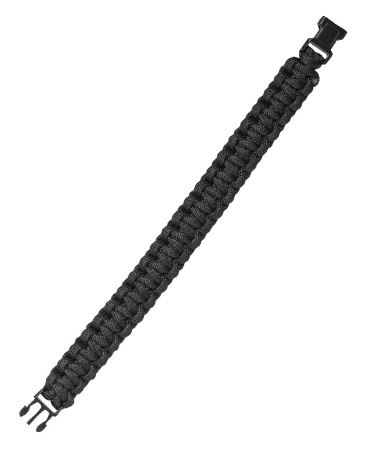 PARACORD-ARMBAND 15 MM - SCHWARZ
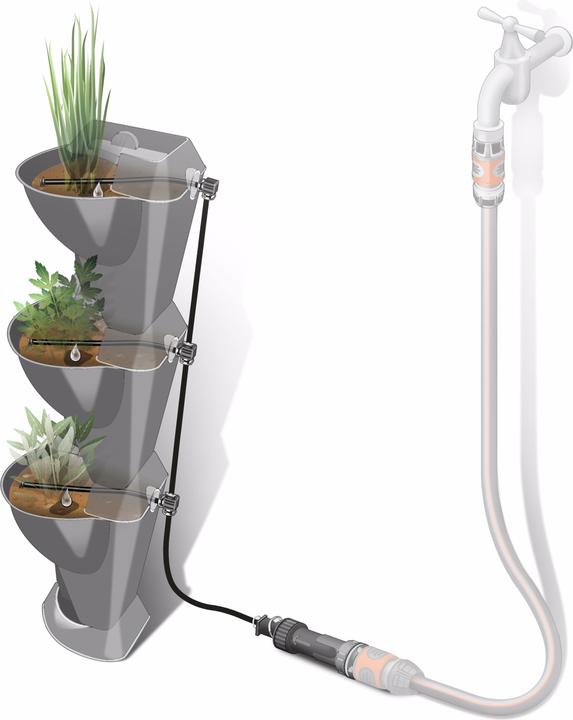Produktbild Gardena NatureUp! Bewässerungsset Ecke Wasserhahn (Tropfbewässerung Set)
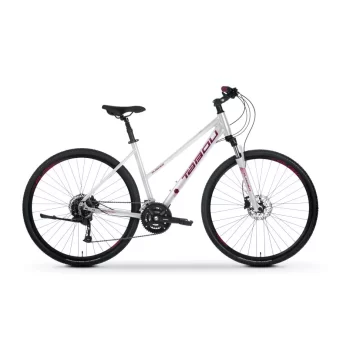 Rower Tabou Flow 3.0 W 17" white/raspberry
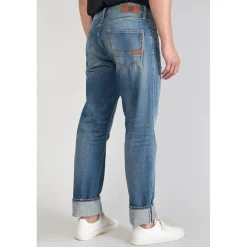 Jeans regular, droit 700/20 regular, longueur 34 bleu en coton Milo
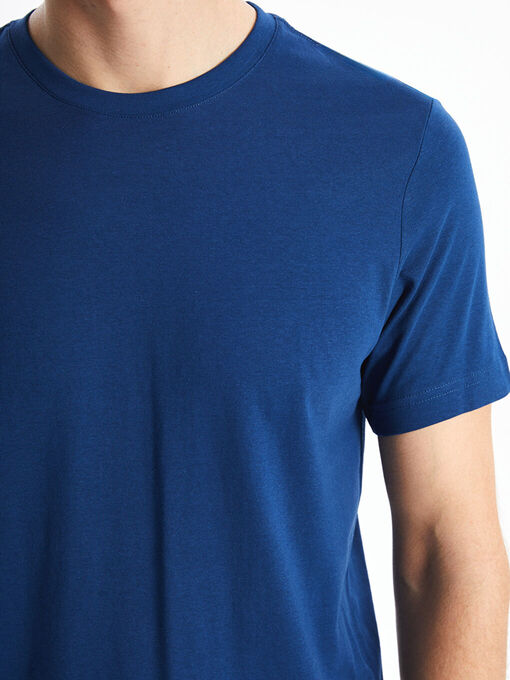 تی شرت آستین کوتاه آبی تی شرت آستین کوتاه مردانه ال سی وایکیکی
- - - -
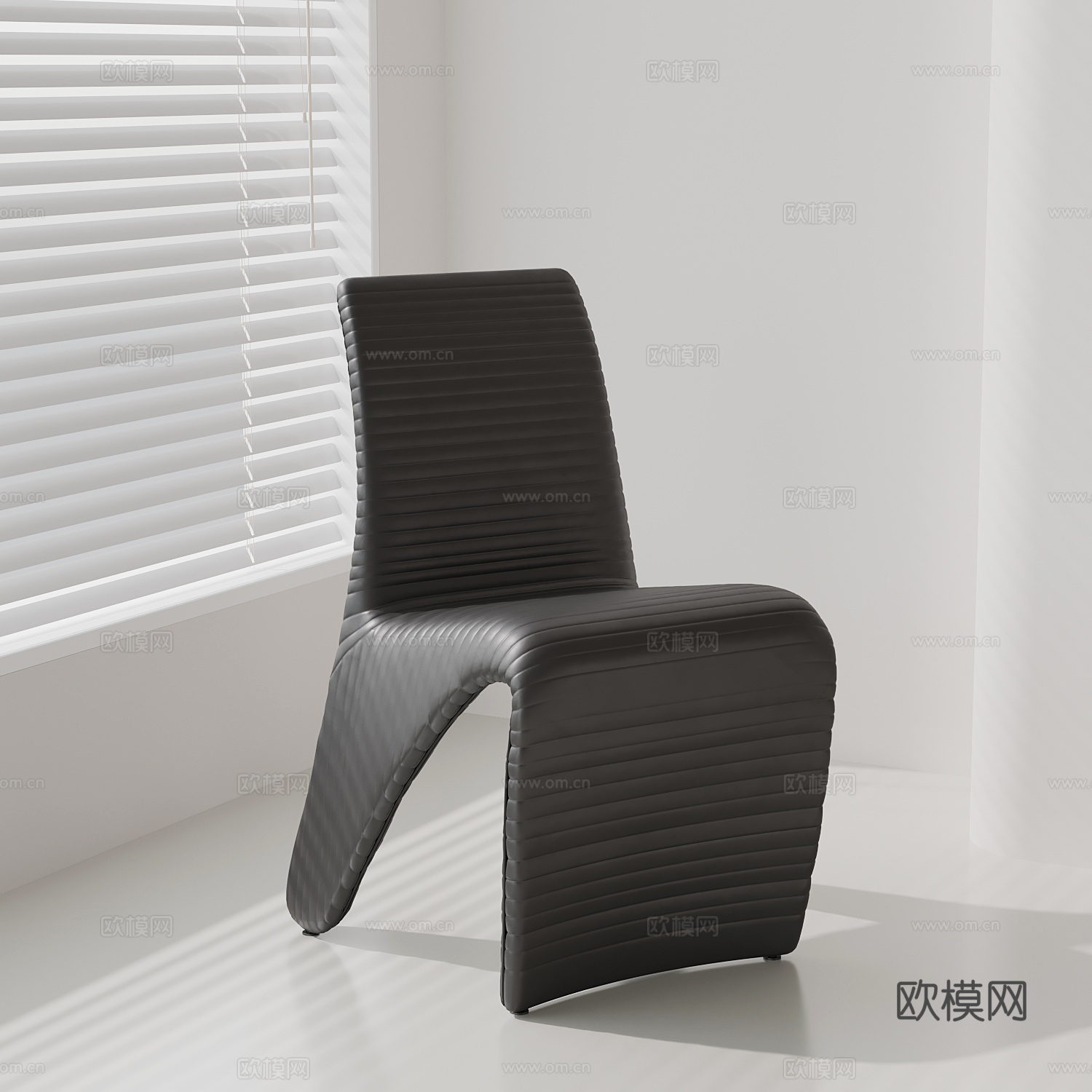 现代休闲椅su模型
- - - -
_Directions for this task:_ Using the entries above, extract exactly the lines from the one that contains "PARACORD-ARMBAND 15 MM - SCHWARZ" through the one that contains "Jeans regular, droit". Do not carry over any pictures.

_Your solution:_
 PARACORD-ARMBAND 15 MM - SCHWARZ
Produktbild Gardena NatureUp! Bewässerungsset Ecke Wasserhahn (Tropfbewässerung Set)
 Rower Tabou Flow 3.0 W 17" white/raspberry
 Jeans regular, droit 700/20 regular, longueur 34 bleu en coton Milo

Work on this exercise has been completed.